2.3 VAO Bind/Unbind — Factored Out

Files: src/postprocess.c, src/effects/fx_bloom.c, src/effects/fx_dof.c, src/effects/fx_auto_exposure.c

Problem: Each effect (Bloom, DoF, AE downsample) independently bound and unbound the screen quad VAO (glBindVertexArray(vao) / glBindVertexArray(0)), generating unnecessary state changes since all fullscreen passes use the same VAO.

Solution: The VAO is bound once at the start of postprocess_end() and unbound once after the last glDrawArrays (Final Composite).

// Start of postprocess_end()
glBindVertexArray(post_processing->screen_quad_vao);

// ... Bloom, DoF, AE, MB, Final Composite ...

// After last draw
glBindVertexArray(0);

Gain: Elimination of ~6 glBindVertexArray calls per frame (3 bind + 3 unbind in Bloom, DoF, AE).


3. GPU Profiler Refactoring

3.1 Double-Buffering Metadata

Files: include/gpu_profiler.h, src/gpu_profiler.c

Problem: Stage metadata (name, color, depth, parent_index) was written directly into profiler->stages[] during recording.

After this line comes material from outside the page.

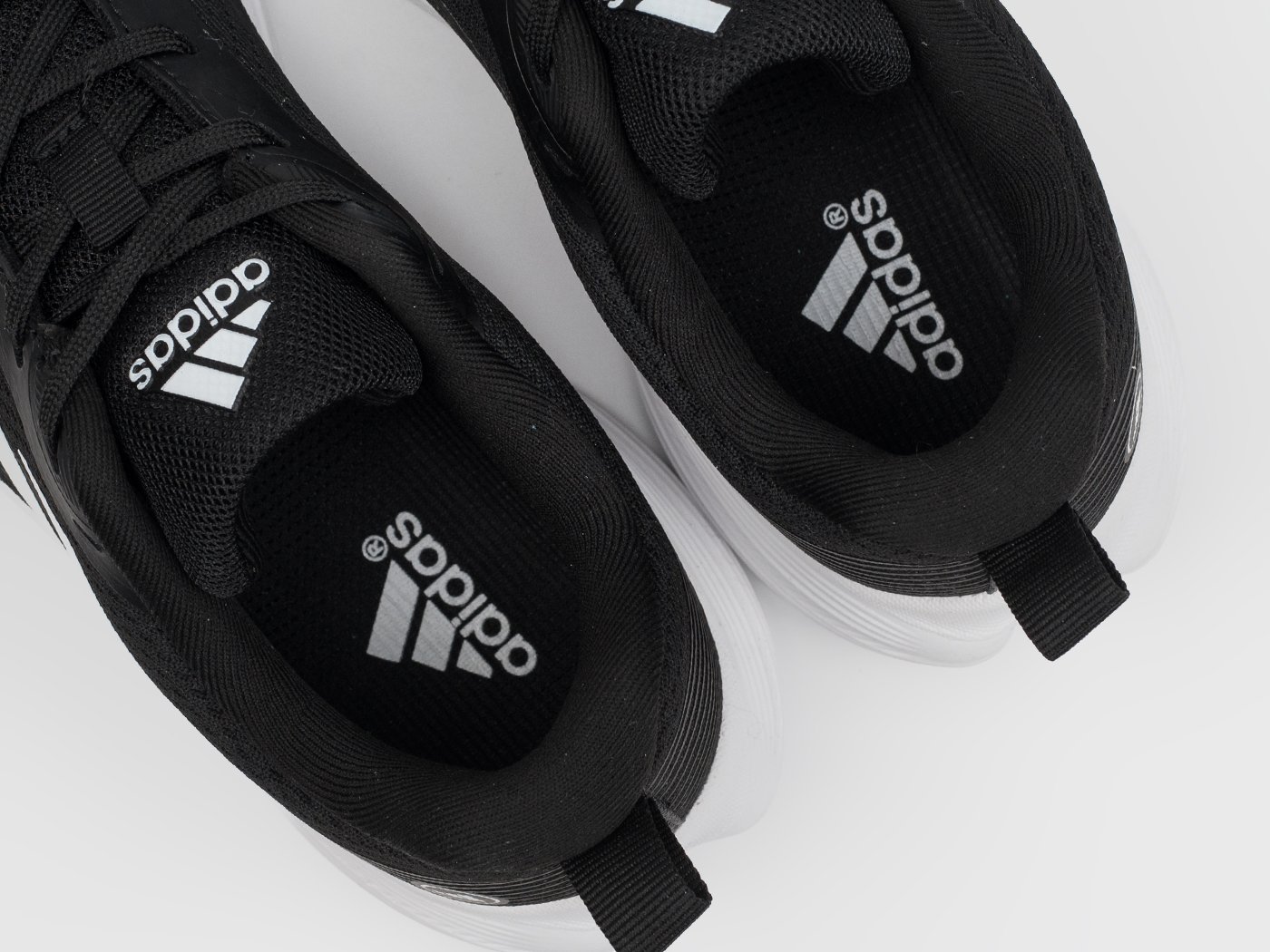 Кроссовки Adidas Response Runner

This array is also read by the UI for display. With query double-buffering, frame N write indices could overwrite frame N-1 metadata still being read.

Solution: Added GPUStageInfo stage_info[MAX_GPU_STAGES] to each GPUQueryBuffer. Metadata is written to the write buffer during gpu_profiler_start_stage(), then restored to stages[] during readback in gpu_profiler_begin_frame().

typedef struct {
    char name[MAX_GPU_STAGE_NAME];
    uint32_t color;
    int depth;
    int parent_index;
} GPUStageInfo;

3.2 Separating recording_count / stage_count

Files: include/gpu_profiler.h, src/gpu_profiler.c, tests/test_gpu_profiler.c

Problem: stage_count served both as a recording counter (write-path) and a display counter (read-path). After the buffer swap, it was reset to 0, causing the UI to flicker for one frame.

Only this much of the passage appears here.